Аксаков, опять Константин Аксаков, пишет: «Немного таких стихов, в которых каждое слово требует внимания и подает раздельно свой голос». Такое слово «не только извне, по смыслу своему становится в стих, но и как слово прекрасно в нем является».
Это именно то, что в эстетике классицизма называется изящным языком.
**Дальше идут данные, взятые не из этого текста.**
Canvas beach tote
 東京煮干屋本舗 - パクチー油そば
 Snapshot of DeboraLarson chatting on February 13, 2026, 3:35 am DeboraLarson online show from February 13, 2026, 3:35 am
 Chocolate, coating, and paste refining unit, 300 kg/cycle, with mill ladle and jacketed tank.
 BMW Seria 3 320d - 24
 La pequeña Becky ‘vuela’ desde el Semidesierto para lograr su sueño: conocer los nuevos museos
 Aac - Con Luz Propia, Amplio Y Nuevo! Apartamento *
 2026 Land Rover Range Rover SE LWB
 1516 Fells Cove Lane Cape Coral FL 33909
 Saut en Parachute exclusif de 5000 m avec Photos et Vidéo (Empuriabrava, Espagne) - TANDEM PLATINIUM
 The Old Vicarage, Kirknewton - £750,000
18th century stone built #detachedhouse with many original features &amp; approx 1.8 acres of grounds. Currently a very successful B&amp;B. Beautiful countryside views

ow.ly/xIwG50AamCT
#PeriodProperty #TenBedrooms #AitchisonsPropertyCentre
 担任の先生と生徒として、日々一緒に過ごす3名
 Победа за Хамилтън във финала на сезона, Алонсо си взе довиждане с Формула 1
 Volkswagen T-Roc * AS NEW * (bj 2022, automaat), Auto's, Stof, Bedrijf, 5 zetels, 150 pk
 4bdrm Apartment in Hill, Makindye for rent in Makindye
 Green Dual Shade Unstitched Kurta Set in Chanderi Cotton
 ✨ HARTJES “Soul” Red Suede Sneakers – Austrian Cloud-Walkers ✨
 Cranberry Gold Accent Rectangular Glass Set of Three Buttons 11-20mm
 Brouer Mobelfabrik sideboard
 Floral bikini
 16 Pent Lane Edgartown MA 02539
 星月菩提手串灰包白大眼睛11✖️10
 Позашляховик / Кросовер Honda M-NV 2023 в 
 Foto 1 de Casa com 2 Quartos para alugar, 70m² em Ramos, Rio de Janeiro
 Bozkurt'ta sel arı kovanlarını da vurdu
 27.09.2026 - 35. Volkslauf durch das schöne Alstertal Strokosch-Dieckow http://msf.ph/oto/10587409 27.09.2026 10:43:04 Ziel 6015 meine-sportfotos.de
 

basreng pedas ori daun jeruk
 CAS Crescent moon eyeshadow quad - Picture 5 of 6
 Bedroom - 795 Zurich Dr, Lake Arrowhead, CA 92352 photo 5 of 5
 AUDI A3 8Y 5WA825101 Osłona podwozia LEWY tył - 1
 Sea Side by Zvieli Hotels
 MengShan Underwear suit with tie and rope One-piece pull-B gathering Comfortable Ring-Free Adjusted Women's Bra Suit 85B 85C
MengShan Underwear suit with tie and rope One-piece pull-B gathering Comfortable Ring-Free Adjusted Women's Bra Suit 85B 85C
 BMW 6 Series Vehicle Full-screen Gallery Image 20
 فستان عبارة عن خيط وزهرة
Создание изящного языка, языка русской классической поэзии, и есть заслуга Ломоносова.
Вспомните библейскую его оду:
Кто море удержал брегами
И бездне положил предел,
И ей свирепыми волнами
Стремиться дале не велел, —
между этими стихами и ямбами «Онегина», «Полтавы», «Медного всадника» нет принципиальной разницы, они написаны на одном языке.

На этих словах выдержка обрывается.